The main time series objects from MarketData used in testing include cl
(closing prices), ohlc
(open high low close prices) and ohlcv
(open high low close prices with volume). These objects are created from Apple Computer, Inc. historical stock prices (AAPL), taken from Jan 1, 2000 to Dec 31, 2001. This object is easy to reproduce in other technical analysis packages, and values from other packages are used to test MarketTechnical's implementation for correctness.
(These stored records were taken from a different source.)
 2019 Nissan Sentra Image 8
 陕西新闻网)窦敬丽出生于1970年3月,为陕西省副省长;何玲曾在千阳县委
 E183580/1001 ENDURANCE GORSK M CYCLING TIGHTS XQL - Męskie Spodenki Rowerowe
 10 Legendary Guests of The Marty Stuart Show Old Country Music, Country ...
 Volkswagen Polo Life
The primary source of reliable algorithm implementation is R's TTR package. To get the MarketData test objects into R, the quantmod
package needs to be installed.
> require(quantmod)
Loading required package: quantmod
Loading required package: Defaults
Loading required package: xts
Loading required package: zoo
Attaching package: ‘zoo’
The following objects are masked from ‘package:base’:
as.Date, as.Date.numeric
Loading required package: TTR
Version 0.4-0 included new data defaults. See ?getSymbols.
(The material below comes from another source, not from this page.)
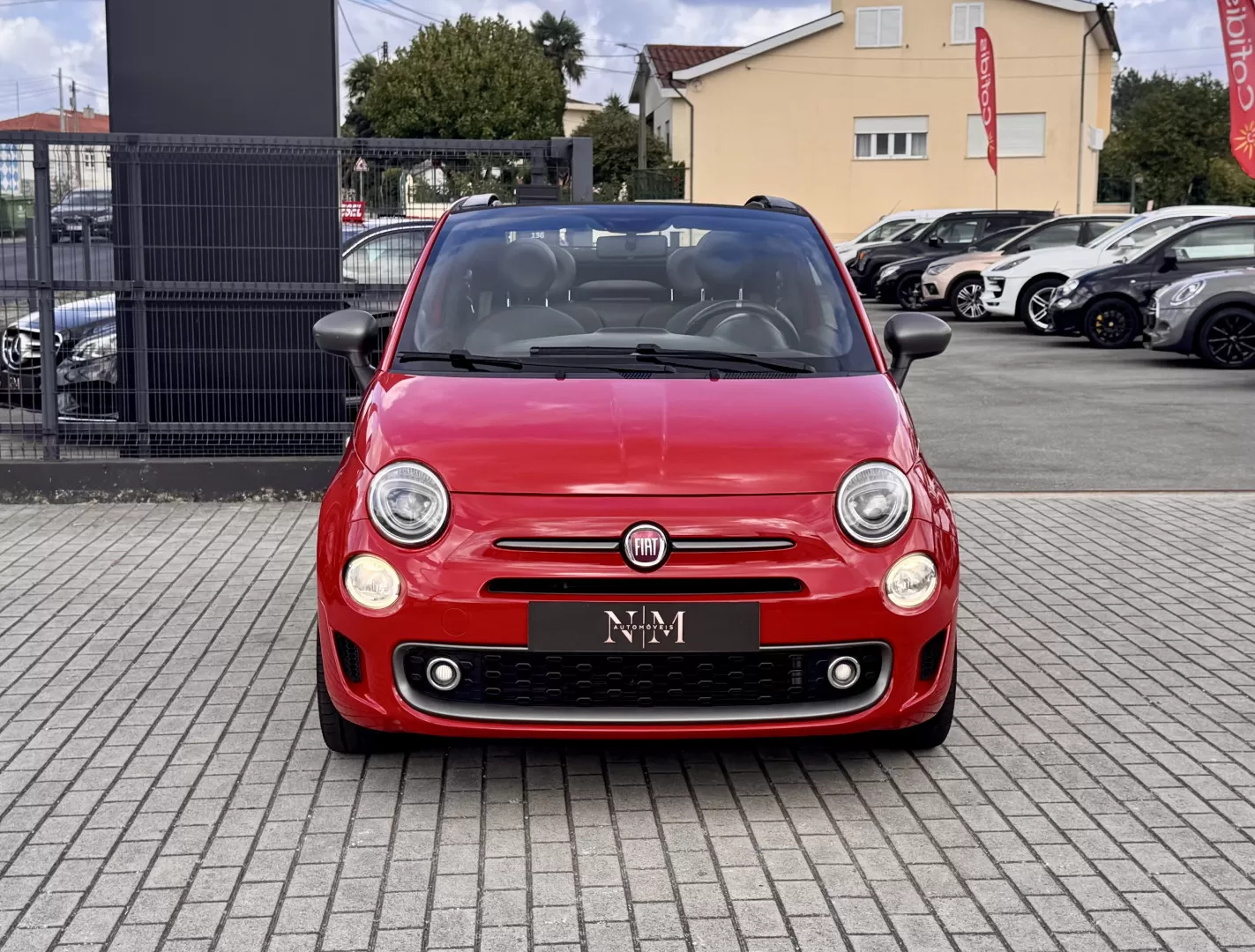 Fiat 500C 1.2 Sport - foto 3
This loading banner includes information that TTR has been loaded. To get the AAPL stock prices, the following call to getSymbols
is made:
> getSymbols('AAPL', from='2000-1-1', to='2001-12-31')
As of 0.4-0, ‘getSymbols’ uses env=parent.frame() and
auto.assign=TRUE by default.
This behavior will be phased out in 0.5-0 when the call will
default to use auto.assign=FALSE. getOption("getSymbols.env") and
getOptions("getSymbols.auto.assign") are now checked for alternate defaults
This message is shown once per session and may be disabled by setting
options("getSymbols.warning4.0"=FALSE). See ?getSymbol for more details
[1] "AAPL"
From there it's easy to reproduce the MarketData test objects
> cl <- Cl(AAPL)
> ohlc <- OHLC(AAPL)
> ohlcv <- OHLCV(AAPL)
Find the anticipated correct values for a simple moving average of cl
(closing AAPL prices from Jan 1, 2000 to Dec 31, 2001)
> sma20 <- na.omit(SMA(cl, 20)) # TTR prepends with `NA`s while MarketTechnicals naturally omits these values
> head(sma20, 3)
AAPL.Close.SMA.20
2000-01-31 103.3595
2000-02-01 102.7750
2000-02-02 102.5905
> tail(sma20, 3)
AAPL.Close.SMA.20
2001-12-27 21.5645
2001-12-28 21.6650
2001-12-31 21.6950
Now suppose we've written the sma
method from scratch. To test against the TTR values, we add a code block to the existing test/movingaverages.jl
file. The code block should be put inside the following facts
block:
facts("Moving Averages") do
.
.
.
end
Each new test suite should have a reasonable context facts
block to live inside. If one doesn't exist, you can always create a new block. Once inside the facts
block, the tests need to have a context
wrapper.
context("my practice sma") do
.
.
.
end
This is where the actual assertions are made, and they are formatted with the @fact
macro in this manner:
@fact sma(cl, 20).values[1] => roughly(103.3595) # TTR value is 103.3595
To run this test from repl:
using FactCheck
@runtest MarketTechnicals movingaverages
This will run the entire test suite from the test/movingaverages.jl
file, including the new test we added.
Once tests are passing, you can submit a PR for the new technical analysis algorithm along with passing tests!
TTR is not the only acceptable source of correct implementation, but some other source needs to be documented for each test suite.